Yakko jumped to his feet, pulling his siblings up with him and turning to Wakko. "Now, as I am a toon of my word, let's go get you something to eat, brother of mine." Wakko's face lit up with joy. It would seem that the promise of food was all it took for Yakko to be forgiven. The siblings raced through the lot to the studio's cafe. Wakko gorged himself and Dot busied herself with a piece of cake she had managed to nab from Wakko's mountain of food. Yakko was sitting reclined in one of the plastic chairs, his feet resting on the table, watching his brother feast with a contented smile when he noticed something in the window. It looked like a camera taped to a remote control car. He raised an eyebrow as it vanished instantly, as if whoever had been controlling the thing had noticed he had seen it. 'Must be one of The Brain's new schemes. Has he really sunk to Home Alone 3 standards? Oi. What a shame.'

Meanwhile the toy car was speeding behind a sound stage next to the cafe. It stopped at the feet of a man in old dirty brown pants and a shirt that may have been white at one point, but was now splotched with stains of various colors. His hair was long, curly, and kind of ratty. He watched the footage he collected of the three Warners. He payed close attention to Wakko as he devoured the mass amount of food at impressive speed. "So...you're quite the eater. Its almost a spectacle worth paying to see..."

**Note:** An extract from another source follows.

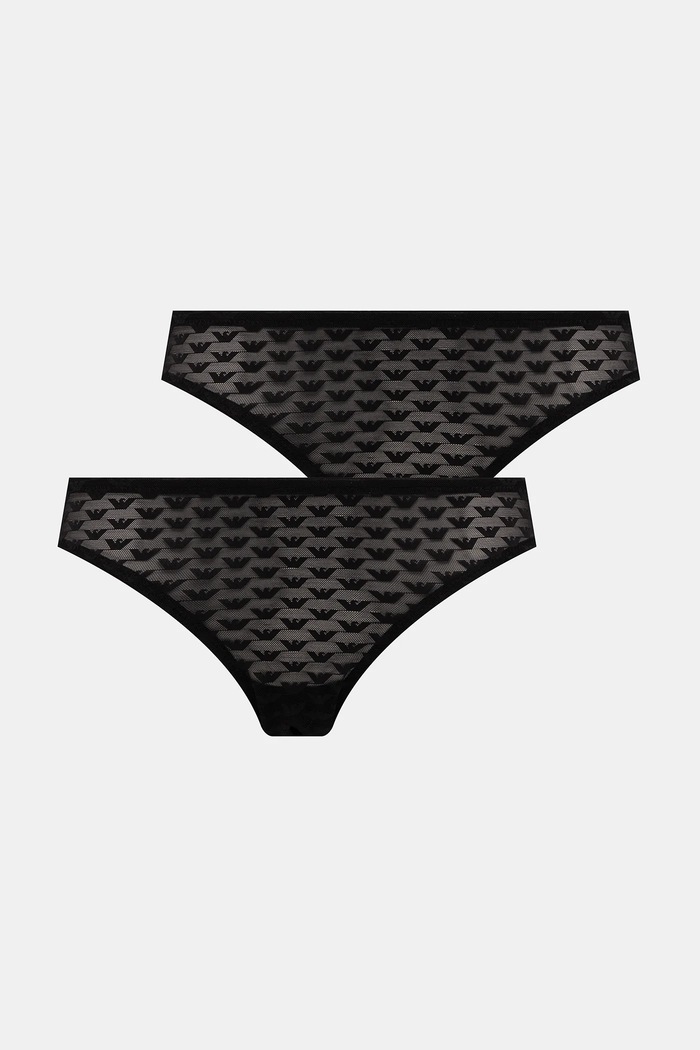 Nohavičky Emporio Armani Underwear 2-pak nohavičky čierna EW000403.AF15358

The man chuckled to himself as he picked up the car and carried it along with the camera as he slipped out of the studio. Two other guys, just as dirty as the first, were waiting at the end of the block. "So? Find anything interesting in there?" the taller of the two asked. The curly-haired man nodded with a mean-spirited grin. "Sure did." He showed them the video he had taken, pointing to Wakko. "The studio harbors some interesting toonish freaks."

The shorter, fatter man cocked his head. "What even is he, anyway?" he asked, only to be smacked on the back of the head by the curly-haired man. "Who cares what he is! He's just the type of weird little guy we need. Think of the dough we'd make off him." The other two men pondered this for a moment before matching the curly-haired man's mean smile. "Looks like we've got ourselves a new freak, then."